Search the material for "Rose" and show all lines that contain it.

··········

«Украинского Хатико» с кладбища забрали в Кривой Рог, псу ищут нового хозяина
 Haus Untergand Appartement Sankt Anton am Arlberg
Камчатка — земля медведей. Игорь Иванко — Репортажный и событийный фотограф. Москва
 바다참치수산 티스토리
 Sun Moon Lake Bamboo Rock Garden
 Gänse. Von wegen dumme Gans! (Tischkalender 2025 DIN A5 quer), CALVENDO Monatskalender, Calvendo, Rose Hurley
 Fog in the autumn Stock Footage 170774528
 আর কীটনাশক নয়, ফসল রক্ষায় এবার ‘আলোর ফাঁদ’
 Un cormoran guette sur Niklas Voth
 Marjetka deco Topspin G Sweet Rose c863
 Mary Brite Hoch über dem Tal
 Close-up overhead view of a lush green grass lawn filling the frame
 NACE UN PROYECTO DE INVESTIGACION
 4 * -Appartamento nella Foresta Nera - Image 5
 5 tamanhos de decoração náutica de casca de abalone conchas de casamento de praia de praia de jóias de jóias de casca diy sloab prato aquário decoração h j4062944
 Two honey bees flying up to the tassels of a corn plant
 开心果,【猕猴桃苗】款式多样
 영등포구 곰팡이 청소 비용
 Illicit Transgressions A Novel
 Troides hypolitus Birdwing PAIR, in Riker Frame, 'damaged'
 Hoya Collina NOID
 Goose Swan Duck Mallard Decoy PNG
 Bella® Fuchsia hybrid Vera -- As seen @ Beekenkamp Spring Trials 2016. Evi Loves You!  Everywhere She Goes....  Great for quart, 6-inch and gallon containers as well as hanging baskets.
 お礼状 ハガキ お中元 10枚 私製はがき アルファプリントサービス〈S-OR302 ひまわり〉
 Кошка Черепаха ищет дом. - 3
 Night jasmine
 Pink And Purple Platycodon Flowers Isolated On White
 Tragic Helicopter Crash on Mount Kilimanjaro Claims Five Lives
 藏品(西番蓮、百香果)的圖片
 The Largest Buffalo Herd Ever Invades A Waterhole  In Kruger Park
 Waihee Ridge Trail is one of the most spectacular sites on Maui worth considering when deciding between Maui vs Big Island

··········

● Problem solution
 Gänse. Von wegen dumme Gans! (Tischkalender 2025 DIN A5 quer), CALVENDO Monatskalender, Calvendo, Rose Hurley
 Marjetka deco Topspin G Sweet Rose c863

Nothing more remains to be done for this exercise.